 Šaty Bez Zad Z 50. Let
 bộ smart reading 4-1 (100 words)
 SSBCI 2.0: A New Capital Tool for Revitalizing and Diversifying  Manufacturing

Task goal
Retype each line above with no alterations.

Exercise result
 Šaty Bez Zad Z 50. Let
 bộ smart reading 4-1 (100 words)
 SSBCI 2.0: A New Capital Tool for Revitalizing and Diversifying  Manufacturing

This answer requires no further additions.